Tidak masalah uangnya recehan karena yang penting jumlahnya pas. Bapak itu ingin kontolnya diisep Mama, jadi aku persilakan dia maju.
Mama menegakkan badan. Maskernya diangkat ke atas sampai menutupi matanya. Ia membuka mulut, bersiap melahap kontol siapa saja yang berada di depan.
Tanpa aba-aba, Bapak itu menancapkan kontolnya ke mulut Mama. Mama sempat megap-megap kesusahan bernapas, tapi sebentar kemudian ia mulai menyesuaikan diri dan bisa bernapas dengan lancar.
"Nah lonte pinter." Bapak itu memegang kepala Mama. "Ayo isep kontol ini kuat-kuat."
Sesuai perintah, Mama menyedot batang kontol itu kuat-kuat sampai kedua pipinya cekung.
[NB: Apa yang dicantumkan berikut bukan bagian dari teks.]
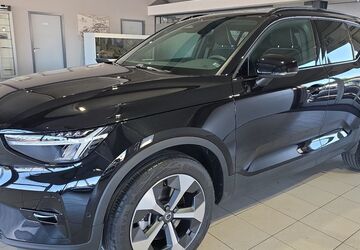 Volvo XC40 13.785 km 38.850 &euro; Bergheim 50126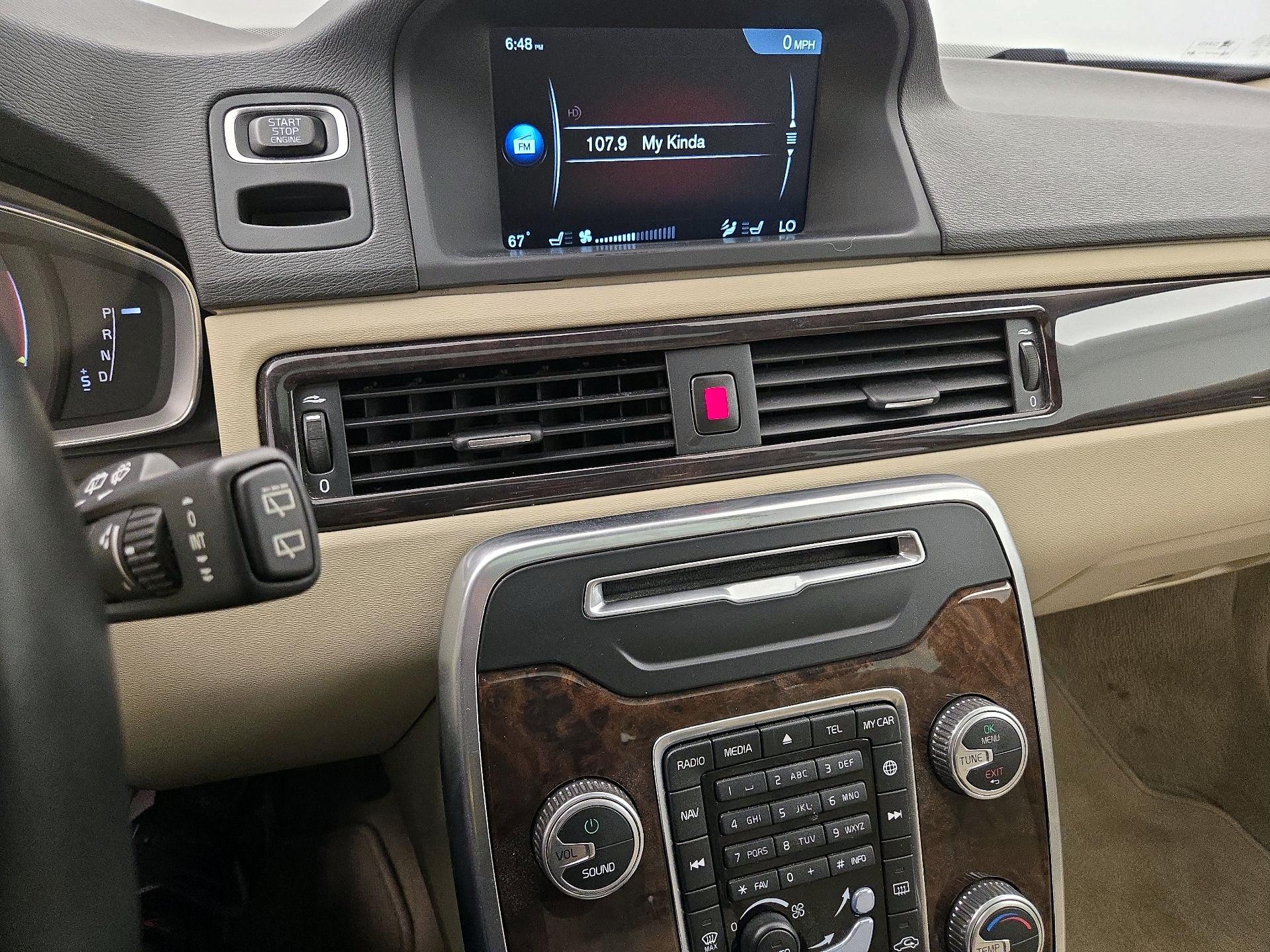 Thumbnail: 2015 Volvo XC70 - 16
"Aduh enak bener mulutmu." Bapak itu memejamkan mata karena begitu menikmati sedotan Mama. "Mau jadi istri saya?"
Mama tidak bisa melihat karena kedua matanya terhalangi masker medis, tapi ia masih bisa mendengar ucapan Bapak itu. Ia menggeleng sambil terus menyedot batang kontol di mulutnya.
"Yah sayang bener. Padahal saya punya tanah luas di kampung lain," ujar Bapak itu. "Mau sama saya ya?"
Mama menggeleng lagi.
"Ya udah kalau gak mau. Lagian mana ada cowok yang mau sama lonte kayak kamu."
Usai berkata begitu, Bapak tersebut menarik rambut Mama sampai kepala Mama terdongak. Mama memekik kesakitan.
Si Topi Merah bergerak maju untuk menyelamatkan Mama, tapi aku segera menahannya. "Sejauh ini masih aman. Kalau sampai dia main pukul, baru kamu hajar dia."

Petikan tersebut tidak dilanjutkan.